Mark Carnes in “Setting Student’ Minds on Fire,” discussed the positive feedback from using what I would call role playing in the classroom. Engaging students by placing their imaginations in a certain historical setting. I believe I’ve had several courses that attempted the same course engagement, and both of them were electives. For example, a freshman history course I took had a test question that asked for me to discuss the type of conversion I might have if I were at a presidential dinner party prior to the Civil War. I can’t remember the specifics but I do recall being thrown back when I first read the essay question. It was the first time I’d seen question like that, and the first time I actually had to sit and think hard about this and recall the characteristics of the people attending the dinner. However, in an engineering introduction course, in class projects would place us in different setting, such as an industrial engineer back-engineering a toy to determine who it was made in order replicate it, or an inventor required to design a device that could improve the mobility of the blind. These scenarios required actually research current tools used and understanding the problem of being blind. Perhaps the author has a point, that in order to step out of the current lecture-listen system, the manner of engaging students in learning needs to be reimagined.
In the article, “The Case Against Grades”, Alfie Kohn emphasized the very fear I have had when taking every undergraduate course, and some of the courses I’ve taken as a Graduate student. Since my late teenage years, for the past 12 years since, I’ve been a perfectionist about my academics. I was so perfectionistic, that the very fear of making a mistake on assignments and especially on tests resulted in me making ordinarily avoidable mistakes. Interestingly, this problem is worded perfectly by Marilyn M. Lombardi, when she reports that students make mistakes on work that are assessed with grades than they ordinarily would in ungraded situations.
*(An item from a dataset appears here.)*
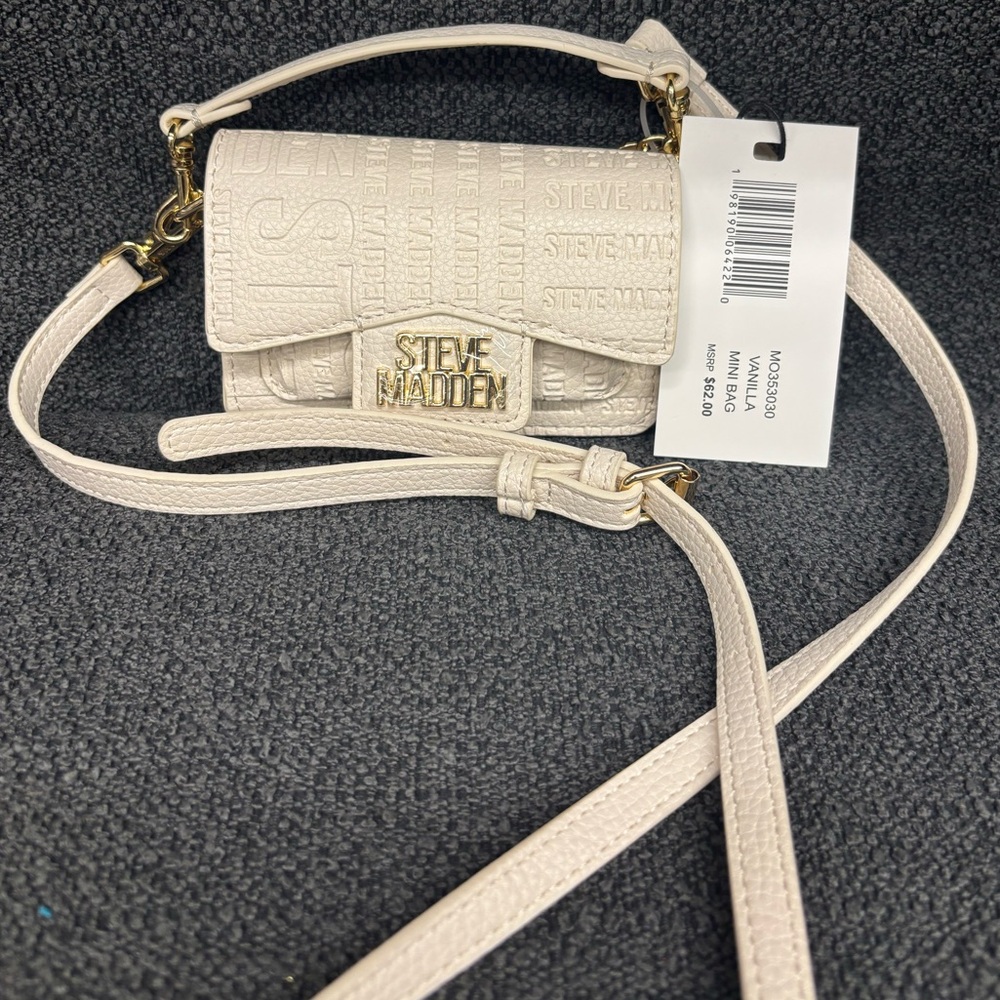 Steve Madden Vanilla Mini Crossbody with Gold Heart & Star Charm - Picture 4 of 14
I found that I was able to quickly make a connect with what she said with my own experience. On inclass assignments that were only pass or fail based on attendance, or courses that I would audit, I actually found I learned more and I was less likely to make the same mistakes that I would make on graded assessments.
Furthermore, the motivation by grades alone is unfortunately the only focus students should be expected to have. Afterall, everything from scholarships to student’s first jobs are primarily interested in grades. This whole process is circular, so as long as the majority of careers and assessments focus on grades, students too will follow the same path.
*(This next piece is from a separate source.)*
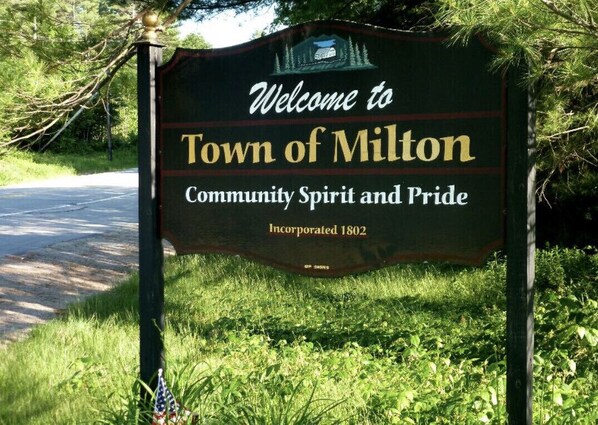 Willkommensschild der Stadt Milton, mit dem Text: "Willkommen in der Stadt Milton, Gemeindegeist und Stolz, gegründet 1802".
In education, there seems to be a belief that testing students is a method of determining what students know. While I managed to get through all lower education and my college undergraduate studies successfully, I found timed-testing to be a failed way of assessing my knowledge. I believe the only thing testing taught me was how faulty I’m capable of being under high stressed, timed conditions. The stress that would accumulate each day prior to the test and then peak during the test resulted in over thinking the problems and resolving them in (incorrect) ways I would never do on homework or in class problems. For me, asking the question, “what will be on the test?” was inevitably a way for me to reduce the amount of anxiety I knew I would be experiencing in these traditional test settings.
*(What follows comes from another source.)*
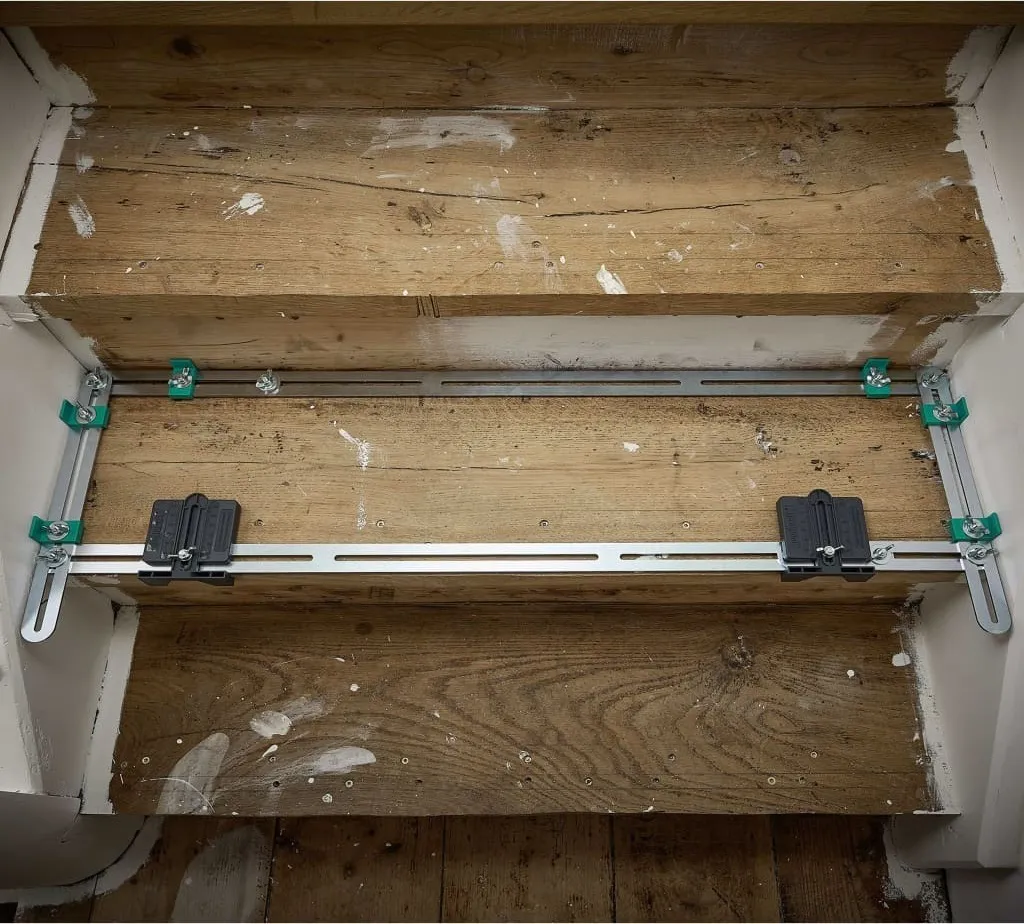 Wolfcraft Gabarit d'angle pour rénovation d'escalier - Kit de mesure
In Anti-Teaching: Confronting the Crisis of Significance, Michael Wesch posits that in order for students to learn, we must step away from “traditional teaching” methods, and identify new ways of encouraging students to learn. Author Ellen Langer adds that one-way (“single perspective”) teaching has become an institutionalized method of teaching students. This may unavoidably result in students believing the teachers’ spoken word to be unchallengeable and absolute, thus discouraging the students from reflecting on the material and possibly acquiring unique “perspectives”. Ellen has an interesting point when she suggests that teaching in a “conditional” manner engages true learning. From my experience, I believe this has generally been the way a majority of my graduate courses have been managed. In general, these courses provided open-ended testing and writing assignments requiring a pre-understanding (non-memorization) of course material, forcing me to think about what I’d learned, and in-turn providing my own unique response to the question(s) I was asked. If this same approach to teaching is utilized at the undergraduate level, students may feel more motivated to strive to utilize 100% of their potential to learning, with less dread of upcoming stress-related thoughtless memorization.